Presenting author biography:

Rajkumar Nalinikanta is the President of the Community Network for Empowerment (CoNE) in Manipur, India. A former drug user living with HIV for 20 years, he has worked in HIV and viral hepatitis since 2003. He leads impactful programs, including same-day hepatitis C testing and treatment in correctional facilities.

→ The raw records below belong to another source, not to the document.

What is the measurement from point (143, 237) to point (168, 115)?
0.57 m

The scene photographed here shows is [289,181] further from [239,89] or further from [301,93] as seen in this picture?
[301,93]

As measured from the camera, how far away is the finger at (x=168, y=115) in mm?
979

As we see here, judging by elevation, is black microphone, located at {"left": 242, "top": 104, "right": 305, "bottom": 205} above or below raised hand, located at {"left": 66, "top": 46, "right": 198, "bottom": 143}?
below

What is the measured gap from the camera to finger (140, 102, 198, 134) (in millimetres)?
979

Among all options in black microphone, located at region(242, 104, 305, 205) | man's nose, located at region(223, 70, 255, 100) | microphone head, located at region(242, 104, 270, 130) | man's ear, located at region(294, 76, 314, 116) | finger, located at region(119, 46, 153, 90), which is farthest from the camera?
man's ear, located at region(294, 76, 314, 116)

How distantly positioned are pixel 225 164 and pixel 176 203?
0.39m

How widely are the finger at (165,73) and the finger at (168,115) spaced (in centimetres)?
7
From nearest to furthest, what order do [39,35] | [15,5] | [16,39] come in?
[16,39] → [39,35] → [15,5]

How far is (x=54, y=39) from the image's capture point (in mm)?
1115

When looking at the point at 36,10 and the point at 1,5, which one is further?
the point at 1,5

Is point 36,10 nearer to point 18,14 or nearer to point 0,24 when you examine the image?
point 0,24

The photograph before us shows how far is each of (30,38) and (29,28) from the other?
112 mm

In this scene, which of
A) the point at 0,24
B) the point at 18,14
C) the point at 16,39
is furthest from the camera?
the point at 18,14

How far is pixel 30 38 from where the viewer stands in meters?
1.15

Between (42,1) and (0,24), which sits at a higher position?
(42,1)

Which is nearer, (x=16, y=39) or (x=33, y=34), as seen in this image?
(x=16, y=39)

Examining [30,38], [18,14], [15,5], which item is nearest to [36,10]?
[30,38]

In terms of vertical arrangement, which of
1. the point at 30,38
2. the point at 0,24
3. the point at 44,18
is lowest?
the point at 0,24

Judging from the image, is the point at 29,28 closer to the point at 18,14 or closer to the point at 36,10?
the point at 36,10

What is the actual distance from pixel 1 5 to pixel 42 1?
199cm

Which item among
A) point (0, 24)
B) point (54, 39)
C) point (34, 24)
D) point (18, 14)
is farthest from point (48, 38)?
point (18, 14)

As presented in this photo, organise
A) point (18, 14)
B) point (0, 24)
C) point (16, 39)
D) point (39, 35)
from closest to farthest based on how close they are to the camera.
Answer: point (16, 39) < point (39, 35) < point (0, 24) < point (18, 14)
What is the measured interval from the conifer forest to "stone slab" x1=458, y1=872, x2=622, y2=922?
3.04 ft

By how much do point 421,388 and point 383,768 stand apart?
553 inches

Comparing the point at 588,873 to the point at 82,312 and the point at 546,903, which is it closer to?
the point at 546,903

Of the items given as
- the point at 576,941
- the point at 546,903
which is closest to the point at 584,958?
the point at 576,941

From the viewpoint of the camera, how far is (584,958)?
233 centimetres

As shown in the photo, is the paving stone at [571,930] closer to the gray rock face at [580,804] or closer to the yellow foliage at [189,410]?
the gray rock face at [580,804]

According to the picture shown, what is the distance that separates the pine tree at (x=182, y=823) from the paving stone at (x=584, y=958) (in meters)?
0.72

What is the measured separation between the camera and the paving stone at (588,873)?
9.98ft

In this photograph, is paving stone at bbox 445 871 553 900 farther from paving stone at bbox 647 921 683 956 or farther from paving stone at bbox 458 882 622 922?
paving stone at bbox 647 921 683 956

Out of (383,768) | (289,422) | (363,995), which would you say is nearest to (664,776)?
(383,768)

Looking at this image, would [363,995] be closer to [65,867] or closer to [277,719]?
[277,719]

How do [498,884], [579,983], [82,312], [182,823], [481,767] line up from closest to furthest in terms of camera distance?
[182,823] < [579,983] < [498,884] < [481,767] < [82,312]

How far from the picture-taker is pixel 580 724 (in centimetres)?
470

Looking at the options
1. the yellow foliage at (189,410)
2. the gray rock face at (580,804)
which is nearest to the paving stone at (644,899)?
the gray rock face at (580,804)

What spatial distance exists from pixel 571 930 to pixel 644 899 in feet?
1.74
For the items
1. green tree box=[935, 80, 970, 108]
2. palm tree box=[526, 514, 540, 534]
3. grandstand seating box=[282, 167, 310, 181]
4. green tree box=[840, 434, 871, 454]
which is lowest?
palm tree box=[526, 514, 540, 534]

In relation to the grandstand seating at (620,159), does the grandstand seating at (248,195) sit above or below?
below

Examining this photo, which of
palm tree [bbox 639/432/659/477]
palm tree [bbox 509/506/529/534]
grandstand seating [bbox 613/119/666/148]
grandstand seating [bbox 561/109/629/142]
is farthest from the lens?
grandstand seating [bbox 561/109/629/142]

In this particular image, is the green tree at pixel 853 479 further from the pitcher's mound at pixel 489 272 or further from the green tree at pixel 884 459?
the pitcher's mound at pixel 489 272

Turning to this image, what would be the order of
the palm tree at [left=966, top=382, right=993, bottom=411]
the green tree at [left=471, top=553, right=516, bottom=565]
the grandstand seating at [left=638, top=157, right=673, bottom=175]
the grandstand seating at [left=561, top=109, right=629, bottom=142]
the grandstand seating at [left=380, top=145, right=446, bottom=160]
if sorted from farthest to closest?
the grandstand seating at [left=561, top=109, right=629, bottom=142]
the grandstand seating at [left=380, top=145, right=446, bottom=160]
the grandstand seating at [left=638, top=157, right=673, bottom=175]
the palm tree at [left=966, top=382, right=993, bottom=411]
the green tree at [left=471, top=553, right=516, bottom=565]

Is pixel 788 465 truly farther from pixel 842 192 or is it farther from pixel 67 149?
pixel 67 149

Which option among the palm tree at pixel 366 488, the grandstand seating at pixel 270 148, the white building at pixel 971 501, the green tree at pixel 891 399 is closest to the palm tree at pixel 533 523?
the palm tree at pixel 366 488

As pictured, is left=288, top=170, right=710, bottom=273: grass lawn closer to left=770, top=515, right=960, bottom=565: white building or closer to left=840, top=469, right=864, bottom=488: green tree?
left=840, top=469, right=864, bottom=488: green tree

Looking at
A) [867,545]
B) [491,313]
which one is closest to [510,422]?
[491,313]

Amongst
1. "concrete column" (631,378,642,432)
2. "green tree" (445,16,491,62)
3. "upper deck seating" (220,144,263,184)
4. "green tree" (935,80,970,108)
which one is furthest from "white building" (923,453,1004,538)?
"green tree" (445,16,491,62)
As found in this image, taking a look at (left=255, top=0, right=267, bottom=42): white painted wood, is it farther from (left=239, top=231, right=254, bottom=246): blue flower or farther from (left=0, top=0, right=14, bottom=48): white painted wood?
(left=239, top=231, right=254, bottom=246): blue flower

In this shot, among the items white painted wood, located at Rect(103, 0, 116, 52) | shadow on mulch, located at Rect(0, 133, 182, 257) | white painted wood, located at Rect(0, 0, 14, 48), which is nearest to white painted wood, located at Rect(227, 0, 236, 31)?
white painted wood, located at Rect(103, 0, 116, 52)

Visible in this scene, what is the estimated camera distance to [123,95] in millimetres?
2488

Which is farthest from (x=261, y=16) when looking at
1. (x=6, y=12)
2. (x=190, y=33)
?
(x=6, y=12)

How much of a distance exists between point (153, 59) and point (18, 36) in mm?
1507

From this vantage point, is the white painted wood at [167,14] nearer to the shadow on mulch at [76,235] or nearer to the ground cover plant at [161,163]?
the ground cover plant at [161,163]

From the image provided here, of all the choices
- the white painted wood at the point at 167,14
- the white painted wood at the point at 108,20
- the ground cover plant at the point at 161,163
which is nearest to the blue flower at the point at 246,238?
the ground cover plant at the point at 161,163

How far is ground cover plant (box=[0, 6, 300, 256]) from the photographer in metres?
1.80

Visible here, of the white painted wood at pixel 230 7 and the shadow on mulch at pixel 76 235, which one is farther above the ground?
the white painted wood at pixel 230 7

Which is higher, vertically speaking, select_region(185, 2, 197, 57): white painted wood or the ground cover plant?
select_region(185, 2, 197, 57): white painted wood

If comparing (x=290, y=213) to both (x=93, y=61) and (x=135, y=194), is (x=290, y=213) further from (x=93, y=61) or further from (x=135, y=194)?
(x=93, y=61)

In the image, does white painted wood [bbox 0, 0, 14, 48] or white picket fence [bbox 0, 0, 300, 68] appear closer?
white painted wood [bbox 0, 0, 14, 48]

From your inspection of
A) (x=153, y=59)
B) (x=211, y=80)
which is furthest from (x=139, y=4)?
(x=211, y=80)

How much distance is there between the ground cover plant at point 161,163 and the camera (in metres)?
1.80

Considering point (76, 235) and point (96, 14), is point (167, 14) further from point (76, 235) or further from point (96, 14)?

Serological response and adherence of standard dose rapid regimen catch-up hepatitis B vaccination among people who inject drugs in Manipur, India

Nalinikanta Rajkumar, Giten Khwairakpam, Dr Amit Goel
Background: Since 2012, the World Health Organization (WHO) has recommended a rapid-regimen hepatitis B (HBV) vaccination for people who inject drugs (PWID), with all three doses completed within 21 days. Although the need for prevention of HBV has been supported by WHO position papers, guidelines and the Global Fund in Grant Cycle 7, national programs utilizing rapid-regimen have seen minimal uptake due to insufficient data on its effectiveness and adherence among PWID.
Methodology: To evaluate the feasibility and effectiveness of a rapid-regimen HBV vaccination using the standard 1 ml dose (administered at 0, 7, and 21 days), a catch-up vaccination campaign was conducted from October 2017 to August 2022 in Manipur, India. During this period, 677 PWID and people living with HIV (PLHIV) received the rapid-regimen. All participants were born before introduction of national HBV birth dose vaccination program and had not previously received HBV vaccination. Chronic HBV was ruled out for all participants through negative rapid HBsAg test. To assess the effectiveness of the vaccination, anti-HBs tests were conducted on 372 participants (55%) 1 to 5 years after their initial dose.
Results: All 677 participants (100%) adhered to completing the full three-dose vaccination. Among the 372 samples tested, 316 (84.9%) achieved anti-HBs titres above 10 mIU/ml, indicating a robust immune response. 56 (15%) had titres below this threshold of which 50 received a booster dose. 43 (86%) achieved anti-HBs titres above 10 mIU/ml, indicating an improved immune response, while 7 (14%) had titres below the threshold.
Conclusion: Results demonstrates rapid HBV vaccination with a standard dose is effective among PWID and PLHIV, offering high immunity rates and easy to adhere. Wider adoption and integration of this regimen in harm reduction and closed settings, as a public health approach, could prevent new infections and improve hepatitis B control and elimination.